→ **Work request**
In full and without alteration, print the records below, minus any images.

------ Supplied records ------

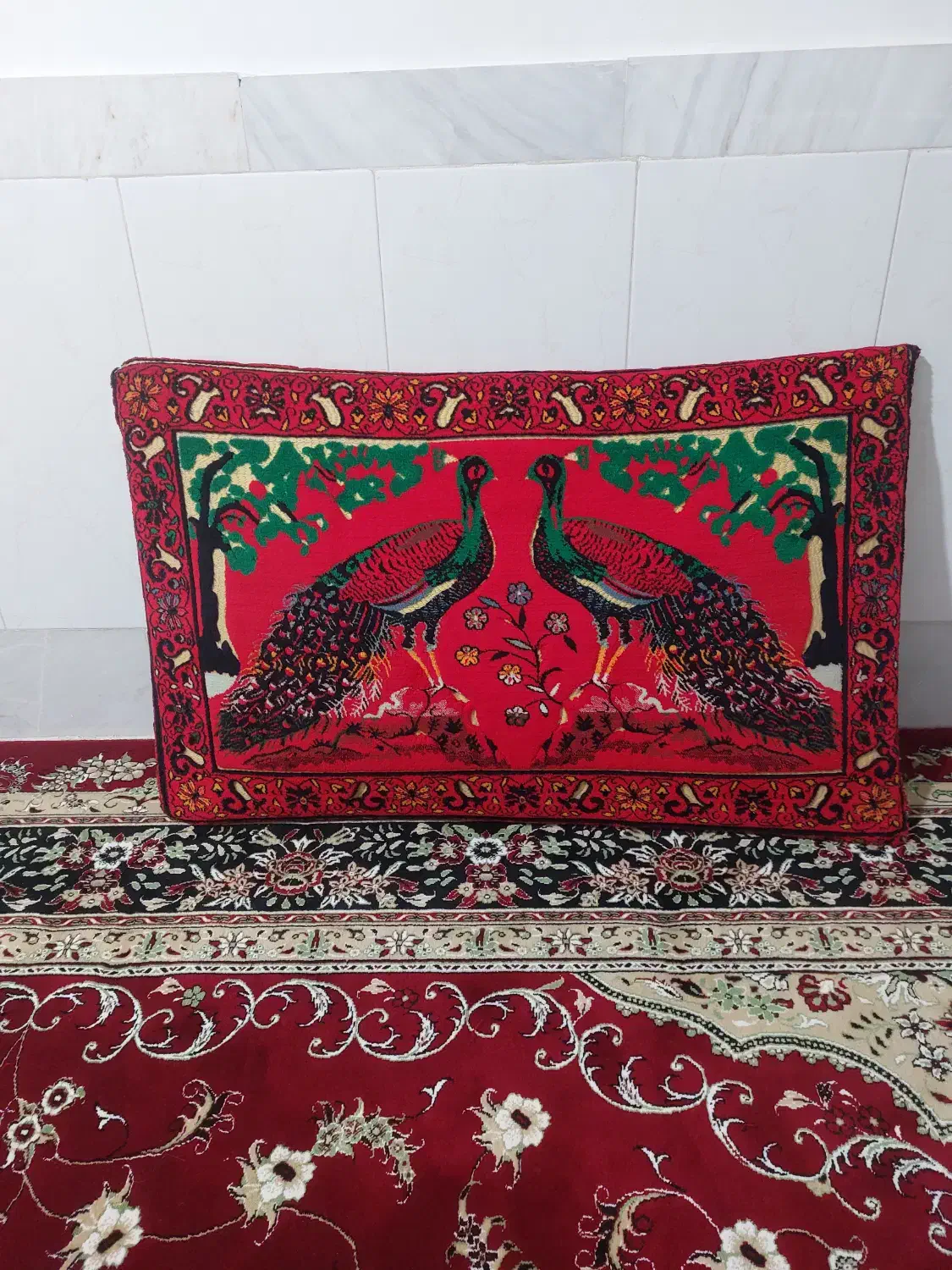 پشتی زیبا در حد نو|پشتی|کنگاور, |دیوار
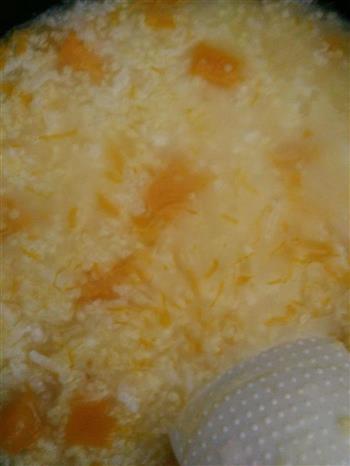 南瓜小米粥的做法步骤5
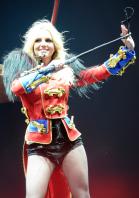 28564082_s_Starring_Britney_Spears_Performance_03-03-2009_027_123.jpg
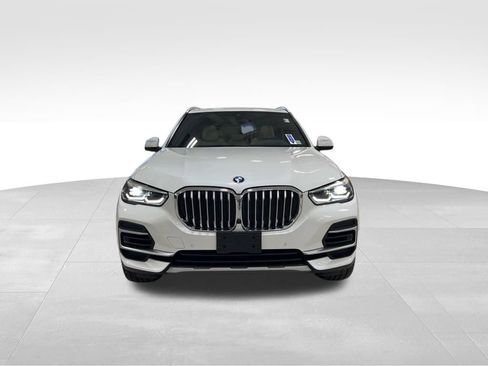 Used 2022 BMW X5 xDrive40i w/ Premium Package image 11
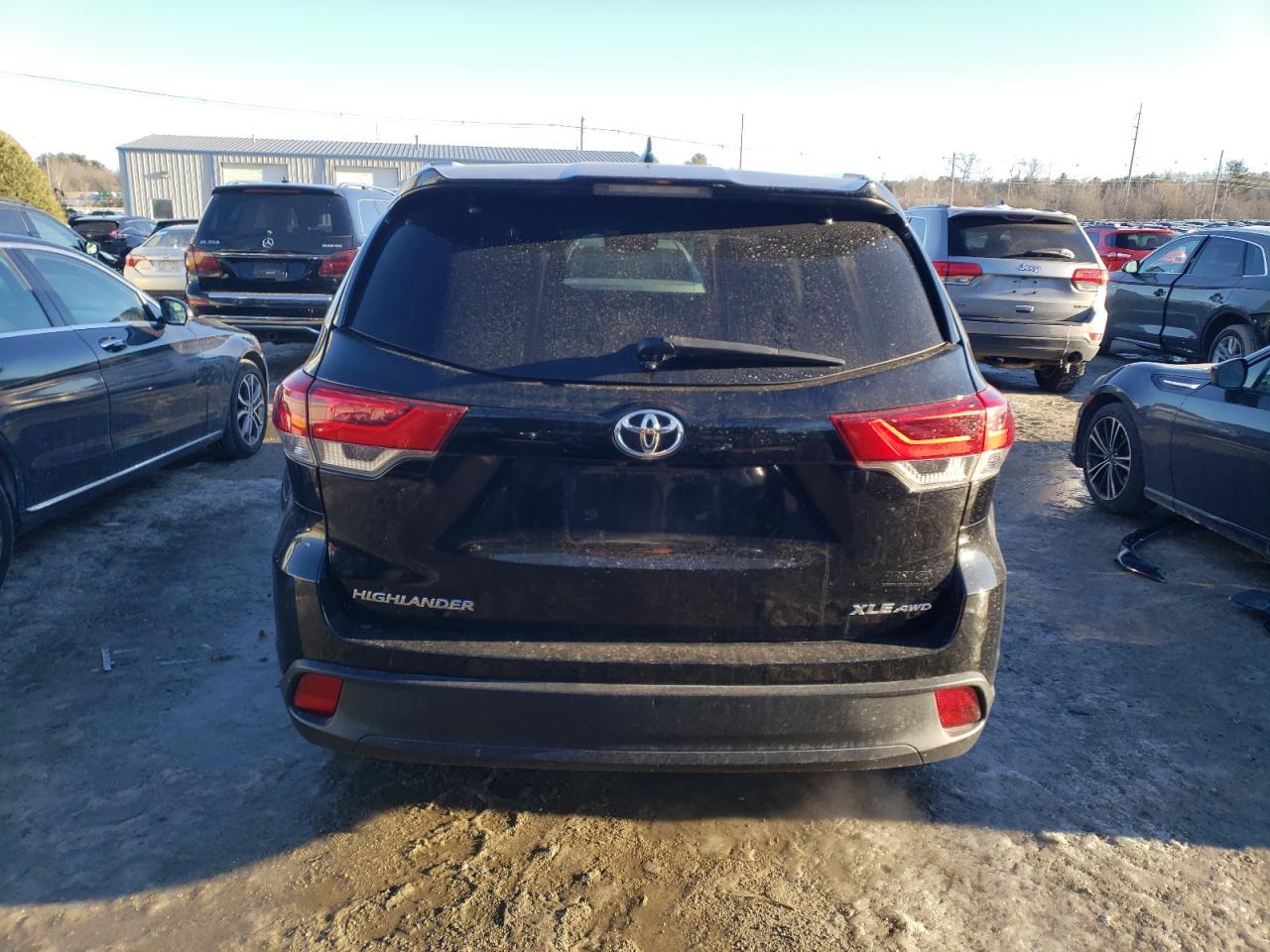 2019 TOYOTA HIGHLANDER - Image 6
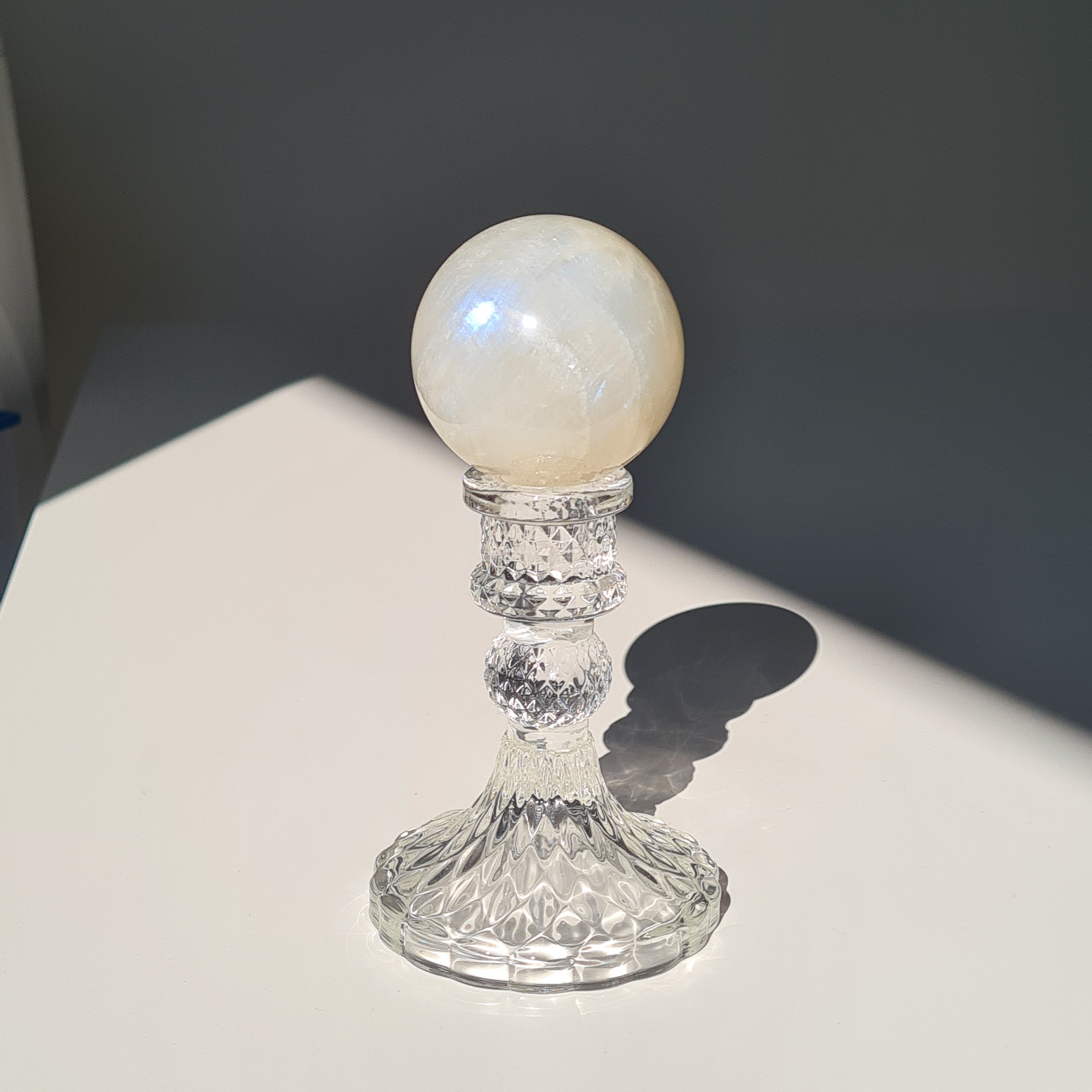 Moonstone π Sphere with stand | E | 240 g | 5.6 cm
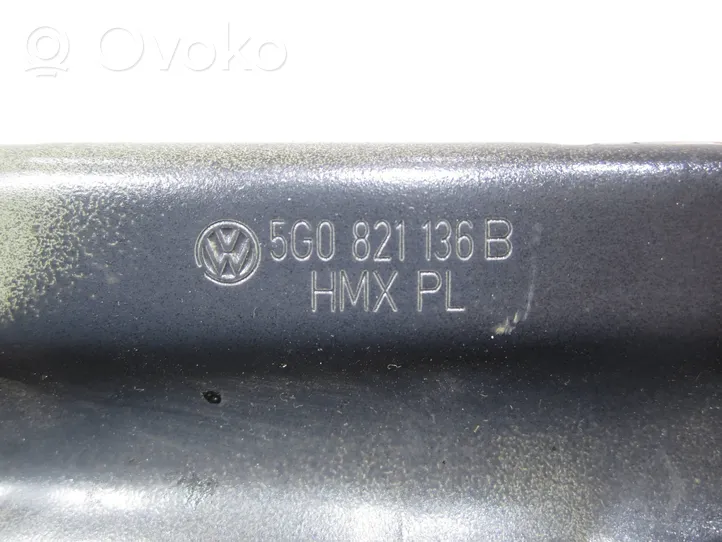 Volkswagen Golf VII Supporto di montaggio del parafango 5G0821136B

------

→ **Your response**
 پشتی زیبا در حد نو|پشتی|کنگاور, |دیوار
 南瓜小米粥的做法步骤5
 28564082_s_Starring_Britney_Spears_Performance_03-03-2009_027_123.jpg
 Used 2022 BMW X5 xDrive40i w/ Premium Package image 11
 2019 TOYOTA HIGHLANDER - Image 6
 Moonstone π Sphere with stand | E | 240 g | 5.6 cm
 Volkswagen Golf VII Supporto di montaggio del parafango 5G0821136B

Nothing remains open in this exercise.